What the task asks
Since the listing below shows pictures, leave them out and write out exactly the lines from the line with "Thank you so" to the line with "Smooth gear shifts", both included, and no others.

Record set
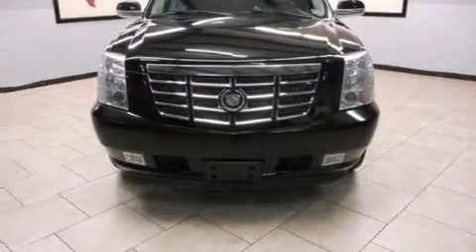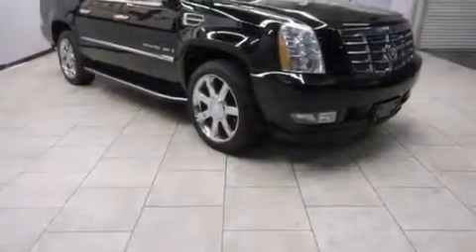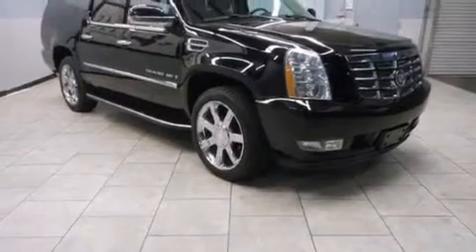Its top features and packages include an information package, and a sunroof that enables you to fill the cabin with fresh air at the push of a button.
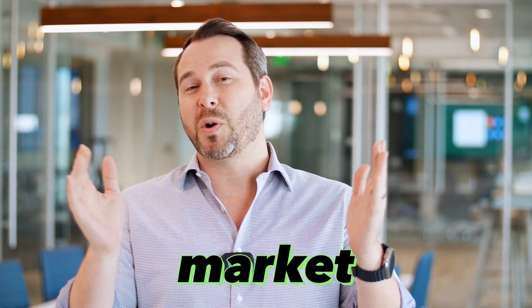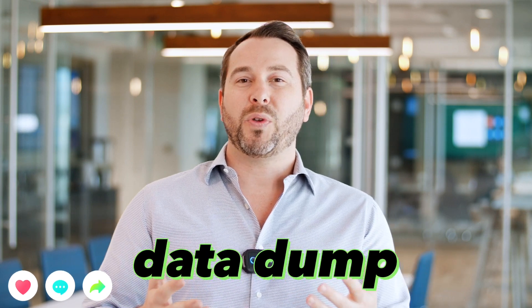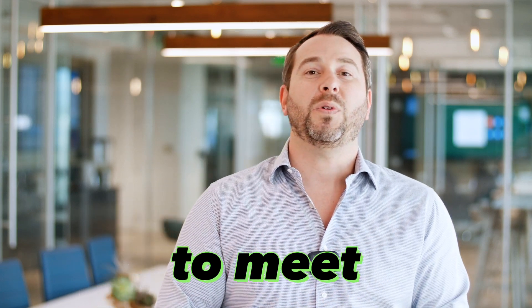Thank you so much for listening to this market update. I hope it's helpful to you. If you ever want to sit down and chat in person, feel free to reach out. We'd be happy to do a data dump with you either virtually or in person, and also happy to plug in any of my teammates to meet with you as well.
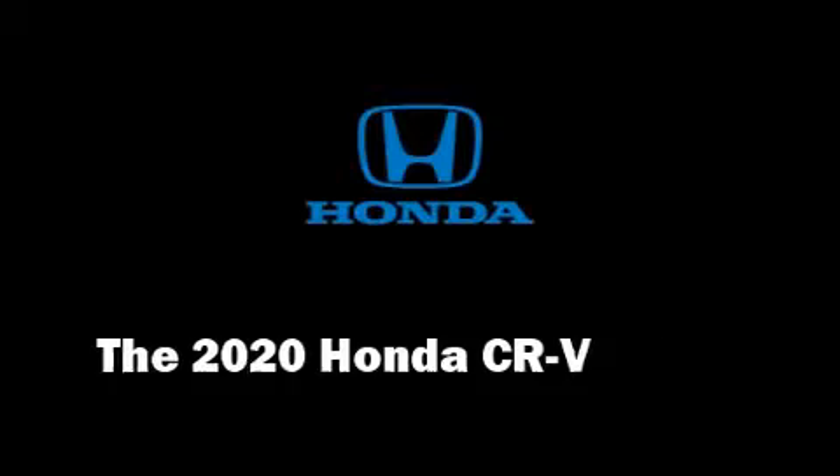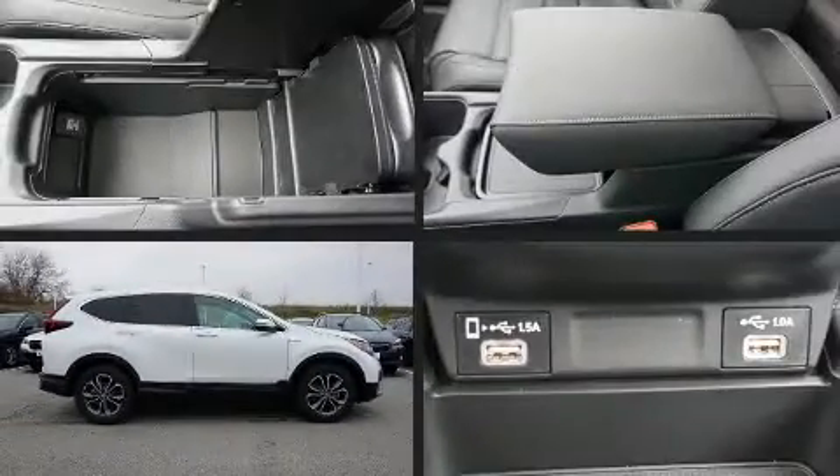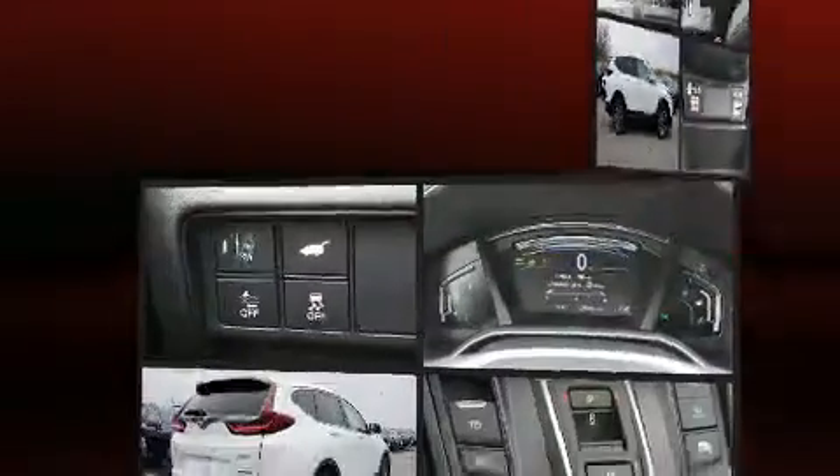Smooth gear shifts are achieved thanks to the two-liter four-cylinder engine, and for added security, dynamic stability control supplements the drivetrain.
---
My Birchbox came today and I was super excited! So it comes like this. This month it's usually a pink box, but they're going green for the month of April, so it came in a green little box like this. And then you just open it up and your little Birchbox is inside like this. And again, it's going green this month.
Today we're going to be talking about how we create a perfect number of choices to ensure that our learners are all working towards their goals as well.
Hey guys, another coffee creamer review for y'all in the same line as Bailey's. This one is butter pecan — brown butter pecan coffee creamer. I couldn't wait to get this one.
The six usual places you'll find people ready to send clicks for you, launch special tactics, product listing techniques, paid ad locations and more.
---
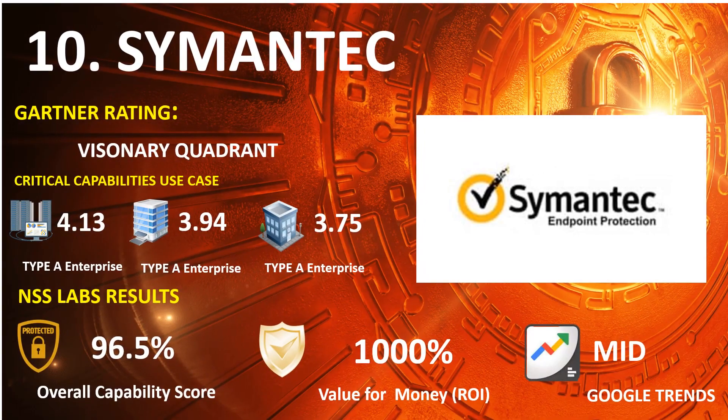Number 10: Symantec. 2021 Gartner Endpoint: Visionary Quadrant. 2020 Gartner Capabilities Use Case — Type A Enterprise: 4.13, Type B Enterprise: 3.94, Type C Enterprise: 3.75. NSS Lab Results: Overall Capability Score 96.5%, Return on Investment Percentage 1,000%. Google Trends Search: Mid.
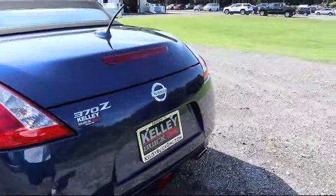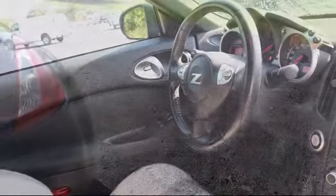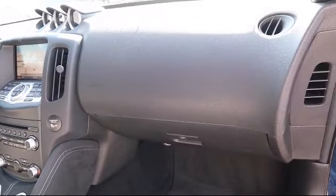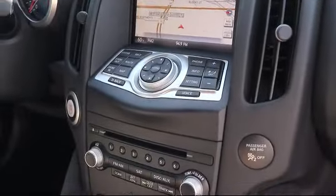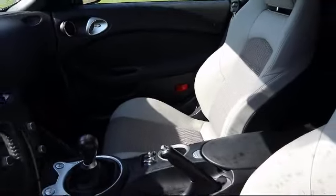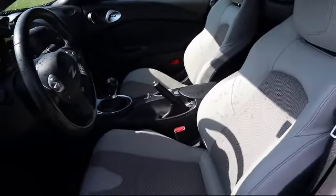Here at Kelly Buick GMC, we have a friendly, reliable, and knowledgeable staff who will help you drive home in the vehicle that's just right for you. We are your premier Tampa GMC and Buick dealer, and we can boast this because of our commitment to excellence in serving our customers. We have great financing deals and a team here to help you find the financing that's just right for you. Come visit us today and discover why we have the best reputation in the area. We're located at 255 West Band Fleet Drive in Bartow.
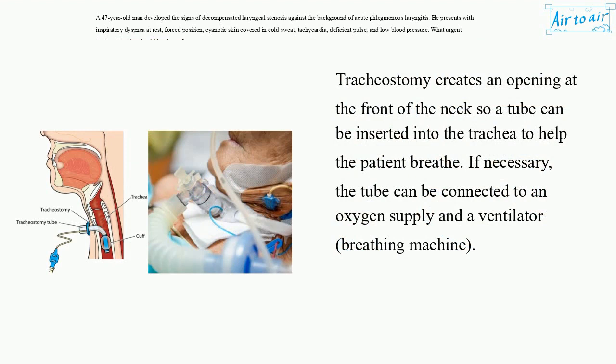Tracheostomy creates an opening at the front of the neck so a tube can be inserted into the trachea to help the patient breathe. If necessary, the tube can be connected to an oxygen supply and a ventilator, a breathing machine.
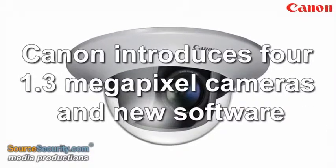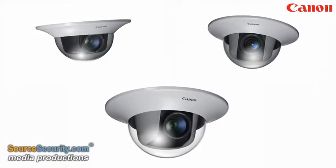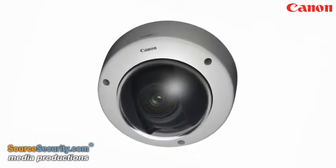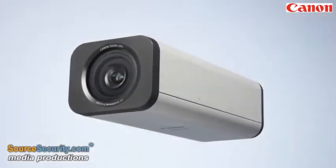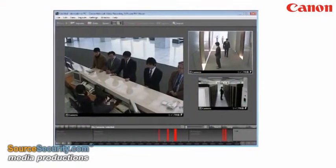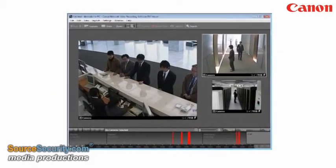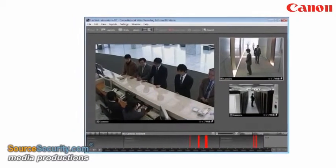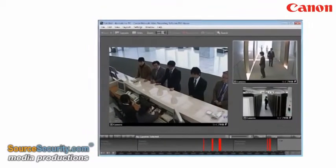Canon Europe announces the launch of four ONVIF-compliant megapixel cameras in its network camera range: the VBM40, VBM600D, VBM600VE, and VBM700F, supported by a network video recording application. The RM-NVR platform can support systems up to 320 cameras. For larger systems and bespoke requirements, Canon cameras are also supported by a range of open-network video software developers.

Task output
Thank you so much for listening to this market update. I hope it's helpful to you. If you ever want to sit down and chat in person, feel free to reach out. We'd be happy to do a data dump with you either virtually or in person, and also happy to plug in any of my teammates to meet with you as well.
Smooth gear shifts are achieved thanks to the two-liter four-cylinder engine, and for added security, dynamic stability control supplements the drivetrain.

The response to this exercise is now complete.